The "Stuff White People Like" blog simply consists of an ongoing list of things that white folks like (or, more specifically, things yuppie/hipster white folks under 40 like). Some inclusions on the list: Difficult breakups (#70), Asian fusion food (#45), Knowing what's best for poor people (#62), Arrested Development (#38), Japan (#58), "Gifted" Children (#16), The Sunday New York Times (#46), Wrigley Field (#30), Writer's Workshops (#21), and Farmers Markets (#5).
It's a hilarious blog, with aggressively ironic writing (after all, "irony" is #50 on the list!) and humorous pictures throughout. The whole endeavor is blindingly white in nature (i.e. spending so much time ironically skewering whiteness in a non-standupcomedy sort of way).
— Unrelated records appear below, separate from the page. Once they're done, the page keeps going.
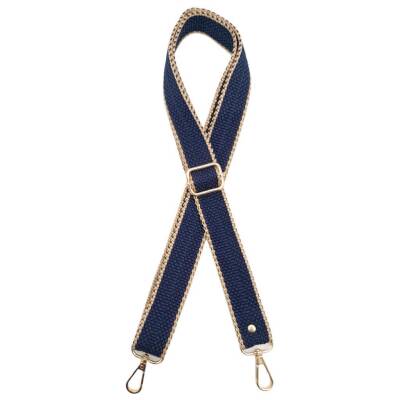 Angel Çanta Aksesuar 120x3 cm Polyester Kolon Çanta Sapı Lacivert Renk Bej Şeritli Light Gold Metalli - 1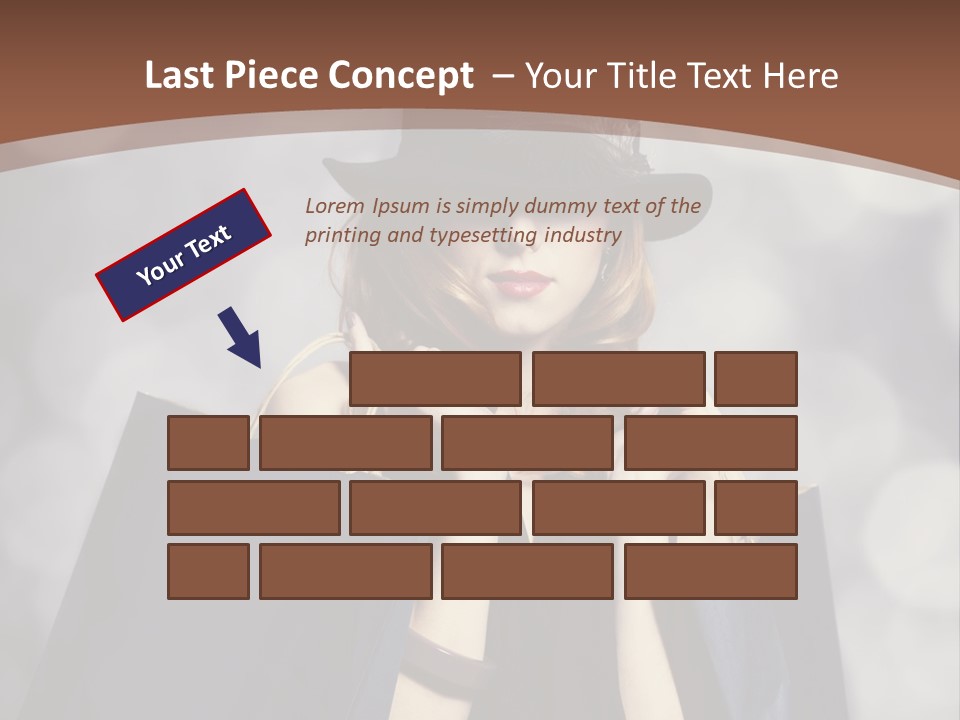 A Woman In A Hat Holding Shopping Bags PowerPoint Template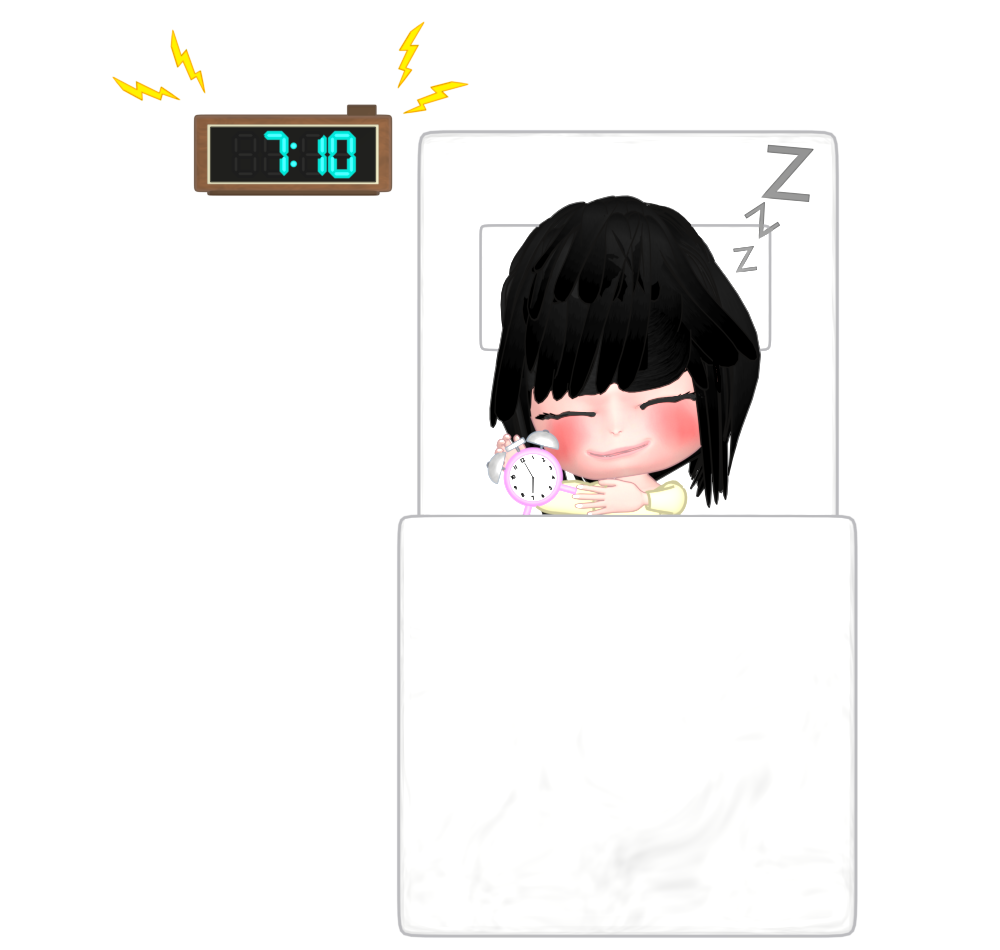 二度寝をする女性のイラスト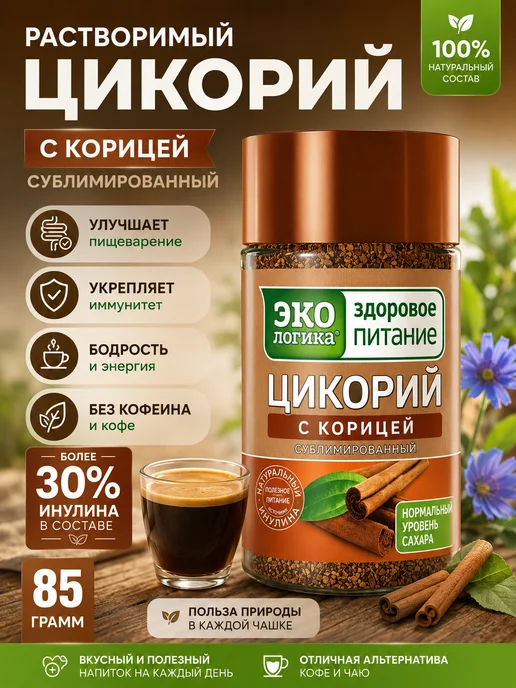 Экологика Здоровое Питание Цикорий Экологика сублимированный с Корицей 85г, 85 г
If you look over the list on the blog, one of the major recurring themes is the idea that above all, white people like being the best or superior (but not in a self-deprecating sort of way) at whatever they do or whatever situation they are in. They're constantly trying to one-up one another and prove themselves better than the next white guy. It's funny and ironic, then, that "Stuff White People Like" screams of this sort of "look how smart and witty and self-deprecating we are" attitude. But then maybe the people behind the blog are trying to make some meta critique of the whole process of reflexive self-stereotyping (wouldn't that be white of them!). In any case, the sort of half-hearted deconstruction with which I'm concluding this post is certainly stereotypically white. We love taking things--even (perhaps especially) amusing and entertaining things--apart and analyzing them. There's no fun in that. But then again, white people are very prone to becoming wet blankets.